Been watching a moto gp dvd and the main soundtrack music comes from a group called tomandandy.trying to find the opening and the track as they are the same. Problem is I don't know the name of the track...any ideas?


----------



## slim_boy_fat (Jun 23, 2006)

Doesn't it list it among the credits on the DVD case?


----------



## warren (Mar 23, 2010)

No have checked that:thumb:


----------



## Mr Kirk (Sep 26, 2016)

Shazam it. Or ask Siri.


----------



## warren (Mar 23, 2010)

Don't forget I'm 52.that sounds like a magic spell:lol: will try ...cheers:thumb:


----------



## warren (Mar 23, 2010)

Blimey get me...Tried shazam but no joy.


----------



## slim_boy_fat (Jun 23, 2006)

Can you stick up a pic of the DVD box front?


----------



## warren (Mar 23, 2010)

Useless at sending photos.
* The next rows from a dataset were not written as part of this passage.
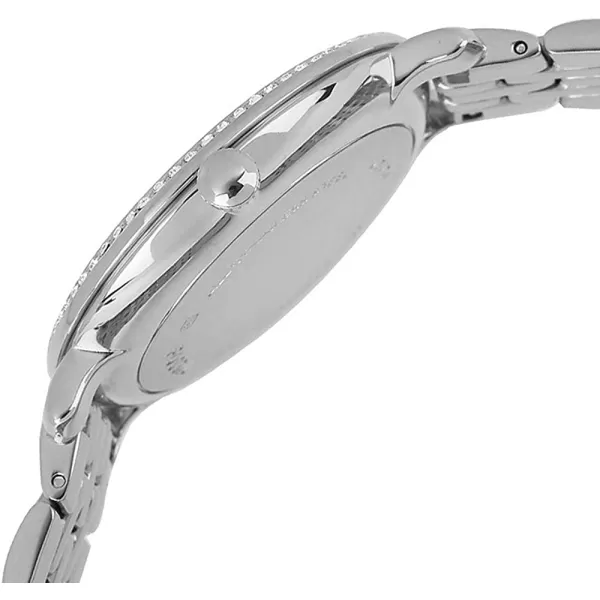 imageFossil Womens Jacqueline Quartz Stainless Steel Dress WatchSilver Glitz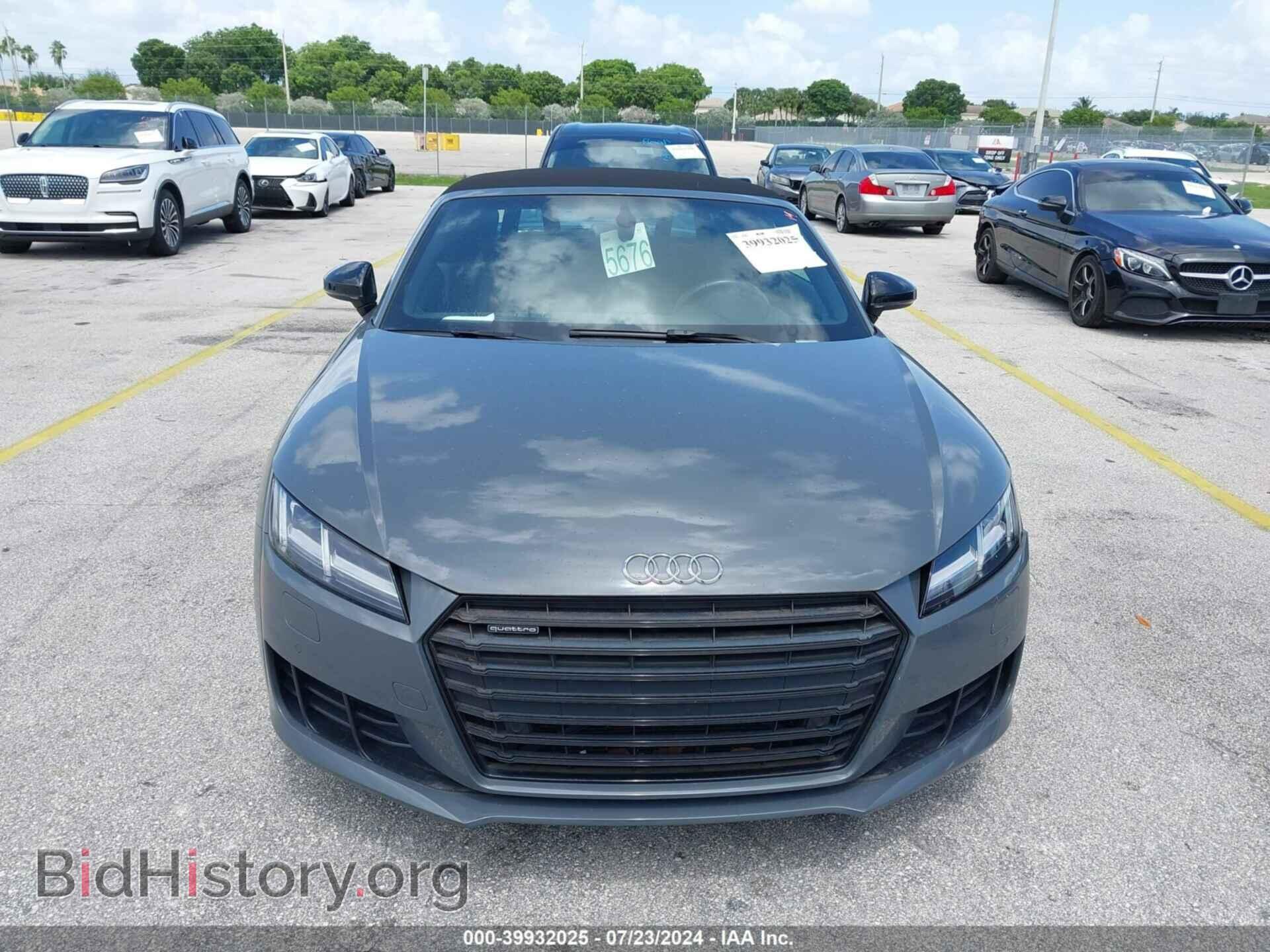 2018 AUDI TT - VIN: TRUT5CFVXJ1014170 - Фото 6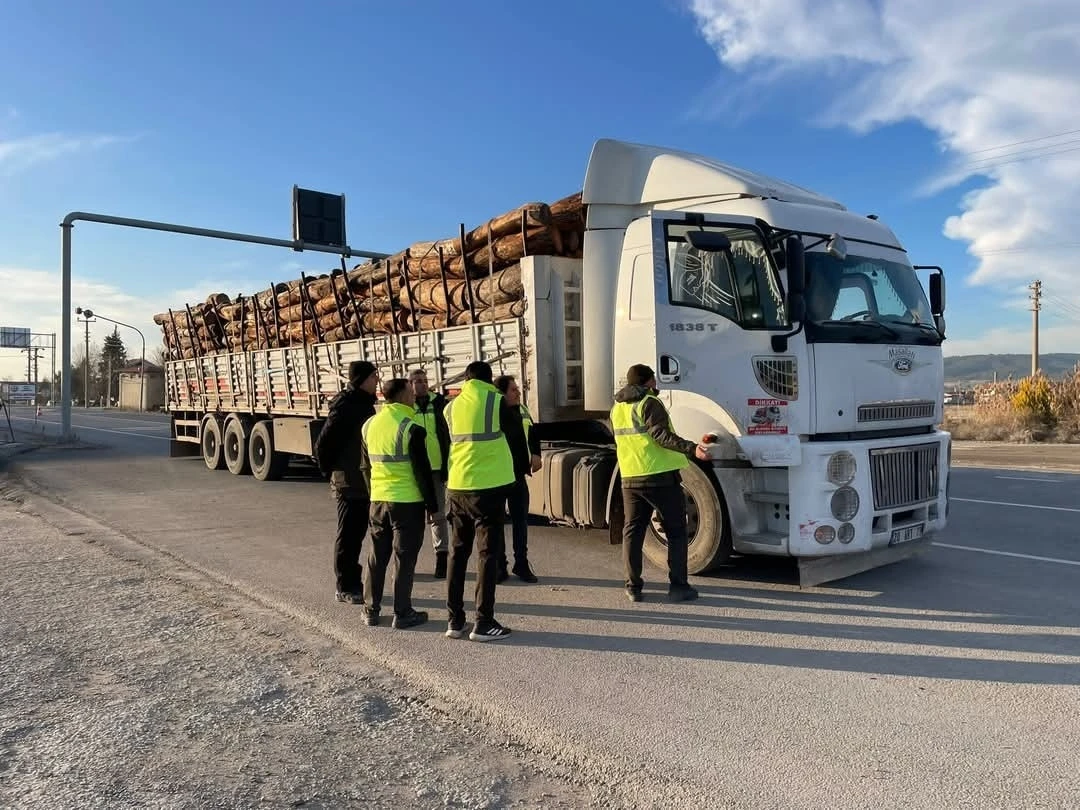 Denizli’de orman kaçakçılığına geçit yok
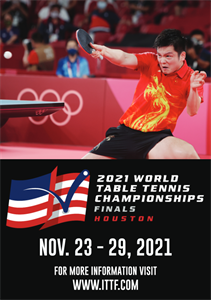 Picture of 2021 WORLD TABLE TENNIS CHAMPIONSHIPS TICKETS - SAT NOV 27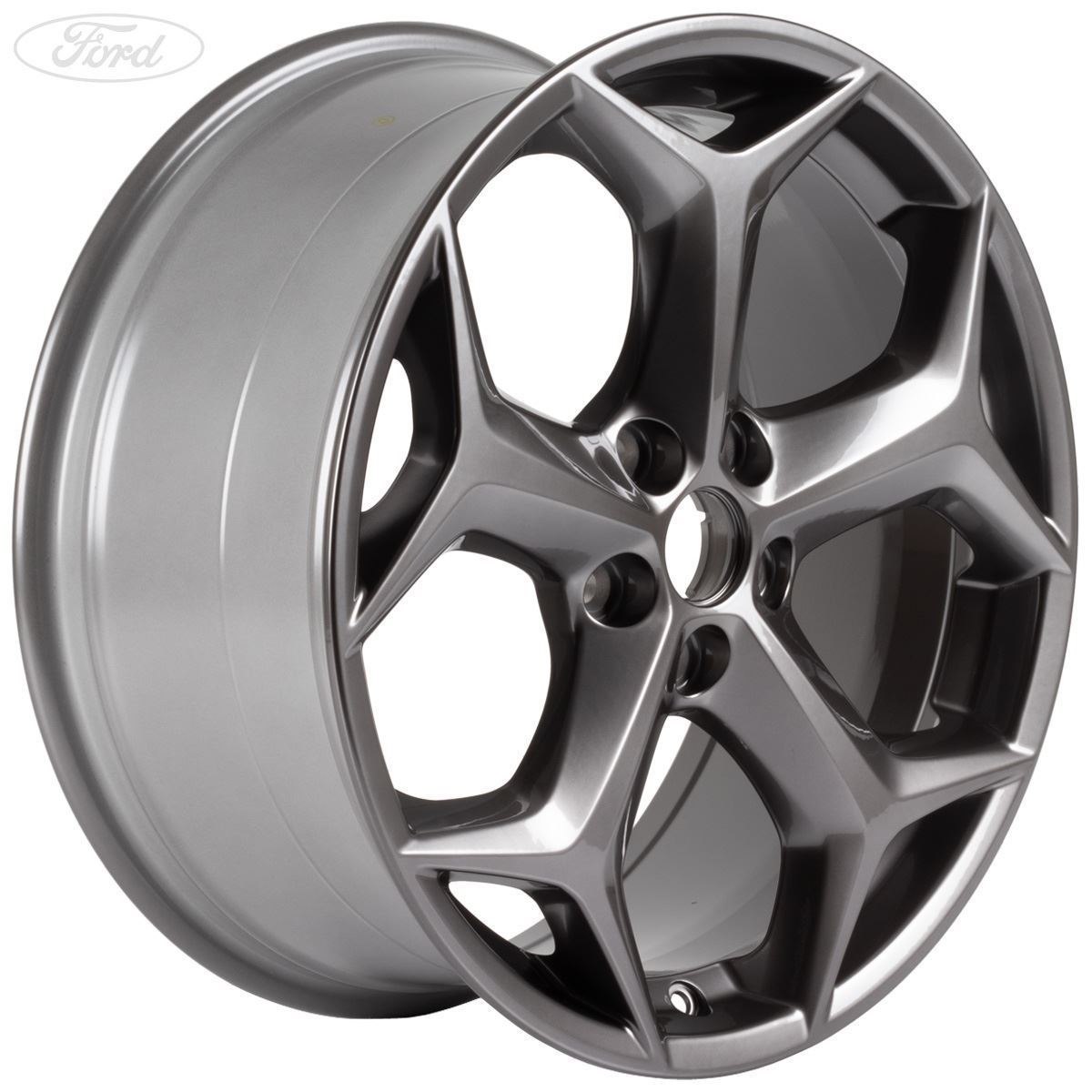FOCUS MK3 ST ST250 18" ALLOY WHEEL 5 SPOKE Y DESIGN 8J GREY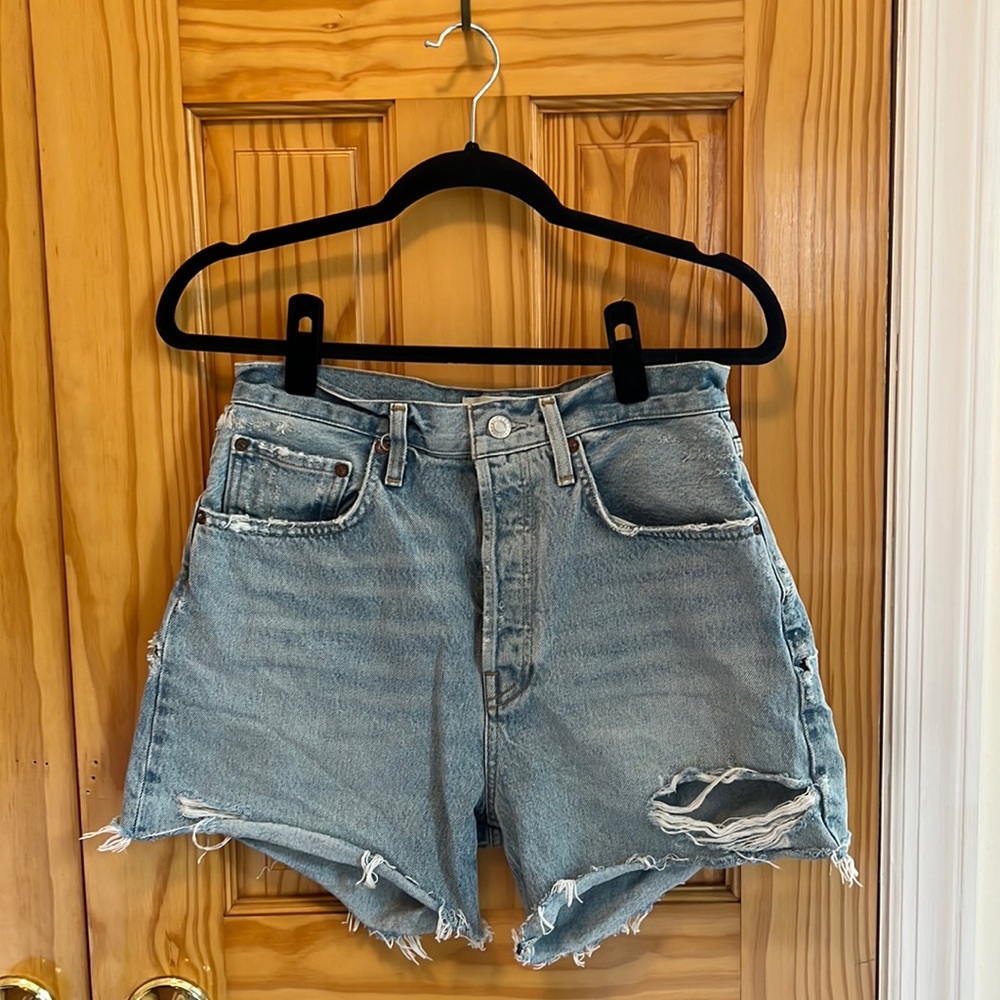 AGOLDE Riley Short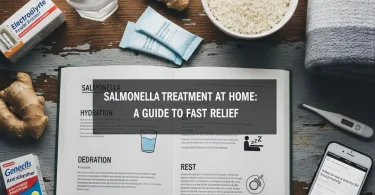 salmonella treatment at home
It's on u tube under ....hitting the apex end song..:thumb:


----------



## warren (Mar 23, 2010)

Not much help sorry..


----------



## slim_boy_fat (Jun 23, 2006)

This the one?


----------



## slim_boy_fat (Jun 23, 2006)

How about this?


----------



## slim_boy_fat (Jun 23, 2006)

Or this app might find it for you

http://www.bluestacks.com/blog/app-reviews/archive/trackid.html


----------



## warren (Mar 23, 2010)

That's the one, but it doesn't say what the track is.downloaded shazam but it doesn't recognize the track.


----------



## warren (Mar 23, 2010)

Thanks for the suggestion:thumb:


----------



## warren (Mar 23, 2010)

Tried the app no joy.


----------



## slim_boy_fat (Jun 23, 2006)

Sorry couldn't help. :wall:

I once phoned the BBC Production in Glasgow to ask what one of the tracks was in a Top Gear episode. Girl said "I'll phone you back" and I thought "Yeah, right..." But no, 10 minutes later she phoned me with the info I wanted. :thumb: Not much help in your case though... , unless you want to pursue to production company.....:speechles

But in the words of Duncan Bannatyne..."Ah'm oot". Good luck.


----------



## warren (Mar 23, 2010)

Thanks very much for trying very kind.


----------



## warren (Mar 23, 2010)

Found it.its from a film called 28 days later.but not by tomandandy.


----------